Reducing recall bias. Longitudinal studies help reduce the impact of recall error or bias, which occurs when people forget or misremember events when asked about them later. In longitudinal studies, participants provide information about their current circumstances, or are asked to remember events over only a short period of time (that is, since the time of the last sweep).
Many of the advantages of longitudinal studies relate to the analytic questions their data can help address. For example, longitudinal data help with:
Exploring patterns of change and the dynamics of individual behaviour. Longitudinal data allows researchers to explore dynamic rather than static concepts. This is important for understanding how people move from one situation to another (for example, through work, poverty, parenthood, ill health and so on).
The link between earlier life circumstances and later outcomes. By building up detailed information over time, longitudinal studies are able to paint a rich and accurate picture of participants’ lives.
In the case of birth cohort studies this has allowed researchers to explore how circumstances earlier in life can influence later outcomes. For example, some of the most well-known findings from the cohort studies describe the long-lasting reach of socio-economic disadvantage in childhood.
Longitudinal data also allow us to assess the time-related characteristics of particular events or circumstances (that is, their duration, frequency or timing). For example, does the impact of ill health change depending on when in their life someone becomes ill, how long they remain ill, and how often they experience illnesses?

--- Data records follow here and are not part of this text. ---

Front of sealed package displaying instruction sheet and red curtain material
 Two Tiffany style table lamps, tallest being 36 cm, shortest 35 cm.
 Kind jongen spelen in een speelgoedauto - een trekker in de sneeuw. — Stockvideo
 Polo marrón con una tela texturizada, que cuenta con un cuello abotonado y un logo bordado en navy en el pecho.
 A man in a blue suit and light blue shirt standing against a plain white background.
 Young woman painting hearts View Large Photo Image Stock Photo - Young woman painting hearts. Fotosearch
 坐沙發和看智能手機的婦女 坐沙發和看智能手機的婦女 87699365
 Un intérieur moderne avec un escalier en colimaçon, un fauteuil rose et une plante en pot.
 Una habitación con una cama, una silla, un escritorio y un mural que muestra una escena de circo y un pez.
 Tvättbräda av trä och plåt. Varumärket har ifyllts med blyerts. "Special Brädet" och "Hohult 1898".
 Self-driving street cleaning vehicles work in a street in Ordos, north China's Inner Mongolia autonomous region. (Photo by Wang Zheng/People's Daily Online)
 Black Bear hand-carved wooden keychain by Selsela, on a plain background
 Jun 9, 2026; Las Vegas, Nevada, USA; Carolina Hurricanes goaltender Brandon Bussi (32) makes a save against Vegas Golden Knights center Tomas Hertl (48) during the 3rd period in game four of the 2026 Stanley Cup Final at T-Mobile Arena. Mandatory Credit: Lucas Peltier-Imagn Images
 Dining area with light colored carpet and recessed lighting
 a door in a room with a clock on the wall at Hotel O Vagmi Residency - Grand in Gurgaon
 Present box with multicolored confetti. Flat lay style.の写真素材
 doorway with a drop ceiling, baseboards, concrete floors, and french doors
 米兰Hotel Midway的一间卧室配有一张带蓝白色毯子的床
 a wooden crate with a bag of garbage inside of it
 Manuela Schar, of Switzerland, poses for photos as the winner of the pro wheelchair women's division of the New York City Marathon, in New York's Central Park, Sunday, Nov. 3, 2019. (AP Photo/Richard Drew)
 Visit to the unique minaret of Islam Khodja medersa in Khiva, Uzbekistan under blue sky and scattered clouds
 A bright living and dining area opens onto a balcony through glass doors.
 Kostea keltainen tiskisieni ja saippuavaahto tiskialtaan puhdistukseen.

Providing insights into causal mechanisms and processes. Many surveys provide evidence about the association between particular circumstances and outcomes. For example, a cross-sectional study might find that the unemployed have poorer health than those in work (so, in other words, there is an association between health and employment status). But interpreting this association is more challenging. Might, for example, unemployment be the cause of poor health – or perhaps poor health could lead to unemployment? Longitudinal data cannot definitively ‘prove’ causality, but unlike data from cross-sectional studies, it has a number of important attributes that give more insights into the causal processes that might be involved:
Distinguishing between age and cohort effects. Longitudinal studies can help researchers to distinguish between changes that happen as people get older, known as ‘age effects’, and generational differences that reflect the historical, economic and social context within which different cohorts grew up, known as ‘cohort’ or ‘generational’ effects.
For example, cross-sectional data might show a clear relationship between age and political affiliation (with older age groups being more likely to vote for the Conservative party). Longitudinal data would allow analysts to investigate whether the older generations in the UK are more likely than younger ones to support the Conservative party (a cohort effect), or whether people all people become more likely to vote Conservative as they get older (an age effect).
Age and cohort/generational effects also need to be distinguished from ‘period’ effects; these refer to forces that influence everyone – for example, key events in history that affect everyone irrespective of their age or the generation they were born into.